本発明は、車体骨格構造及び車両用ピラー構造に関する。
ピラーの閉断面内に設けられたピラーリインホースに、車幅方向内向きに開口する断面「コ」字状に形成されたインナ部材の前後の壁部をスポット溶接にて接合することで、センタピラーを補強する構造が知られている(例えば、特許文献1参照)。また、第1の板金における第2の板金との接合部に該第2の板金側に折り返されたヘミング加工部を形成し、該ヘミング加工部において第1の板金を第2の板金とスポット溶接やレーザ溶接にて接合する構造が知られている(例えば、特許文献2〜特許文献4参照)。
特開2002−347655号公報 特開平9−220673号公報 特開平8−197269号公報 実開昭63−162684号公報
ところで、スポット溶接部の強度はインナ部材の板厚と母材強度に依存するので、部材の接合強度が要求される特許文献1記載の技術では、例えばインナ部材に高強度材を使用して薄肉化することに制約が生じることが懸念される。

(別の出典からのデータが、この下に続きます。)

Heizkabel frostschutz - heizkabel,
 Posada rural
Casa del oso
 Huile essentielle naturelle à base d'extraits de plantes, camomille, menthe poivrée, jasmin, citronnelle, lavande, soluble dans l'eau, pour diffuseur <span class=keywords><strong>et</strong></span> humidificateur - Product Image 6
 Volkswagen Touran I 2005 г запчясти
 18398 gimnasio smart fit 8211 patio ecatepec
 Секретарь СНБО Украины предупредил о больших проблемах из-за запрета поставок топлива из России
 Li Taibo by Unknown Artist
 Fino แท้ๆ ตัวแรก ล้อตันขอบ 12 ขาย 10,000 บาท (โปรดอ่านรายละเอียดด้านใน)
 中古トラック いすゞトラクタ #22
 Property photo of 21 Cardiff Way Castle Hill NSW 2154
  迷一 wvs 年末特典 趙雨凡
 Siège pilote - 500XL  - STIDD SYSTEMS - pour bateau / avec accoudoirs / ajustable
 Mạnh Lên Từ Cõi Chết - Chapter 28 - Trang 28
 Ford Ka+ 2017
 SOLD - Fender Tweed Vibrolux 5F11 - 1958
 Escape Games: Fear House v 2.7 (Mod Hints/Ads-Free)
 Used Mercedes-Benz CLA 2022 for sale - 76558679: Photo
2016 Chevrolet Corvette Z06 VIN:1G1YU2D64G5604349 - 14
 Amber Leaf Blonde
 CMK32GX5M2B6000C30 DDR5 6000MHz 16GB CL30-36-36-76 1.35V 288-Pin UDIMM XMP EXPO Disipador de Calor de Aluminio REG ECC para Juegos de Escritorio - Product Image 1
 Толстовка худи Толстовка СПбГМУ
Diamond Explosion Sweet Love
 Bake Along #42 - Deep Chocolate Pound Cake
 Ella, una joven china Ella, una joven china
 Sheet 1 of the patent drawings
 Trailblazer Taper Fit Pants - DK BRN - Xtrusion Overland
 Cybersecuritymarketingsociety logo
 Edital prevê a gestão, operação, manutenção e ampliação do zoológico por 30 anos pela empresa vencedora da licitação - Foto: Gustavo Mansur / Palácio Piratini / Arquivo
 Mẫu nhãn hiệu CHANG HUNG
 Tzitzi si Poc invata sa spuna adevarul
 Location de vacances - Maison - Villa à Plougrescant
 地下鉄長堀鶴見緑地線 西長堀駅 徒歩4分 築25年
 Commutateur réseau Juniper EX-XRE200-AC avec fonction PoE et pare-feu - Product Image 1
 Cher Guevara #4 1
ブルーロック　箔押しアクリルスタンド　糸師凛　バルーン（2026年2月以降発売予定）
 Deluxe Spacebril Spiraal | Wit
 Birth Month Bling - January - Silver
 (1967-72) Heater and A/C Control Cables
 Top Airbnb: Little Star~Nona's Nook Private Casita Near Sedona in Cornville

本発明は、補強部材のスポット溶接による接合部の強度を確保することができる車体骨格構造、及び車両用ピラー構造を得ることが目的である。
請求項1記載の発明に係る車体骨格構造は、所定方向に長手とされた車体骨格本体と、前記車体骨格本体の長手方向に対する直交方向の両端を折り返して形成された一対の重ね合わせ部を有し、各重ね合わせ部において前記車体骨格本体にスポット溶接にて接合された補強部材と、を備えている。
請求項1記載の車体骨格構造では、補強部材の幅方向(車体骨格本体の長手方向に対する直交方向)の両端にそれぞれ折り返し構造の重ね合わせ部が形成されており、これら重ね合わせ部が車体骨格本体にスポット溶接にて接合されている。これにより、補強部材における車体骨格本体へのスポット溶接部位は、非接合部分に対し板厚が厚くなり、1枚板の部分を接合する構成と比較してスポット溶接の強度が向上される。
このように、請求項1記載の車体骨格構造では、補強部材のスポット溶接による接合部の強度を確保することができる。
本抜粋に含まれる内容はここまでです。